Conservative Christians, with the Christmas season over, can now take a break from the trenches of the "war on Christmas" and get back to their other pet conspiracy, the claim that evolution is being taught in classrooms as established fact and not as theory.

Fundamentalist religion is, and always has been, bellicose. From Savonarola to William Jennings Bryan to Osama bin Laden, fundamentalism has always been more interested in fighting enemies than in discussing ideas, and isn't especially interested in the Areopagitica notion of letting opposing ideas clash in the public square, free of censorship, with the idea that if truth and falsehood can duke it out on equal terms, without help from the sidelines, truth will prevail. (John Milton, who advocated just this when he wrote the Areopagitica, was no slouch of a Protestant believer himself, but we'll leave that discussion for another day.) Religious fundamentalists, by and large, don't have much patience for the Areopagitica approach: they think their enemies already have the deck stacked. "They're out to get us" has been a favorite religious rallying cry since the Reformation (when it was often true.)
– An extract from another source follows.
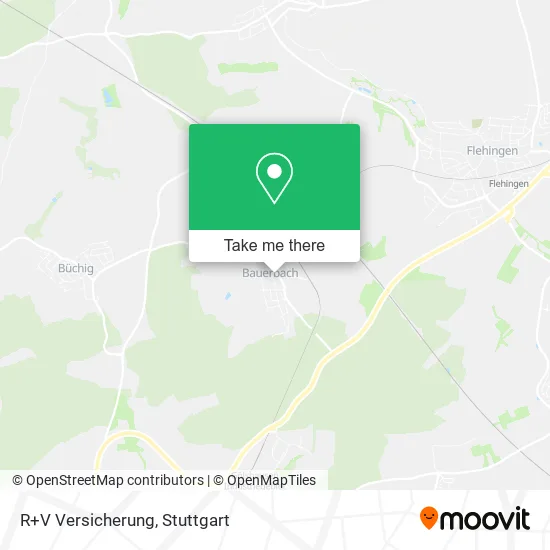 Карта R+V Versicherung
A generation ago, conservative Christians, led by Rev. Tim LaHaye, (who has made buckets of money off the end of the world with his Left Behind novels) threw a collective hissy-fit over their claim that so-called "secular humanism" was being taught in public school classrooms as a form of religion. The uproar embodied evangelicals' frustrated response as they watched school districts in the early 1980s, knuckling under to pressure from people like the late Madalyn Murray O'Hair and groups like the ACLU, moving to rid public school classrooms of the Judeo-Christian references that had been hitherto quite common. Obvious counter-tactic: claim it was all a secret, secular-atheist anti-God conspiracy.

I was a young newspaper reporter in 1981-82 and, since education was my "beat," I got to cover this controversy for my paper. What fun I had: born-again Christians wanted to talk about this endlessly, but when I went in search of one of their villainous "secular humanists," I couldn't find one. I ended up interviewing the superintendent of the local elementary school district, who wasn't quite sure what I was talking about and had to go do his homework first.
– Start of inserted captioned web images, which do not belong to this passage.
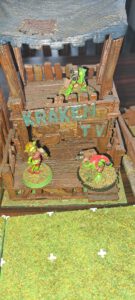 Der Sielhammer mit Bloodbowl auf der WaterCONt 2025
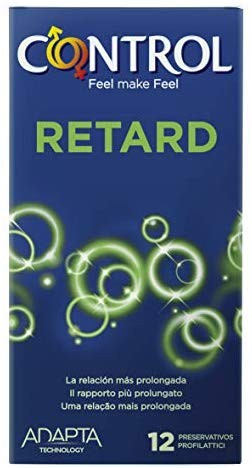 CONTROL Profilattici Ritardante Per il Piacere Personale 12 Pezzi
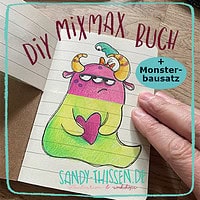 DIY Mixmax-Monster-Buch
One pentecostal lady in particular gave me a head-scratch: alleging the conspiracy in the classroom to be very real, she told me earnestly that she believed in the hydra of "circular humanism."

I asked around the newsroom if anyone had any idea what "circular humanism" might be.

Our courthouse-beat guy, an editorial wit who also happened to be a bit portly, spoke up.

"A circular humanist is a humanist who eats too much," he explained. "I'm a circular humanist."

The "secular humanism" thing had pretty much blown over by the end of the first Reagan administration. But the creation-vs.-evolution thing really has legs: it's been going on at least since the drama in that broiling-hot Tennessee courtroom in 1925, and shows no signs of losing steam.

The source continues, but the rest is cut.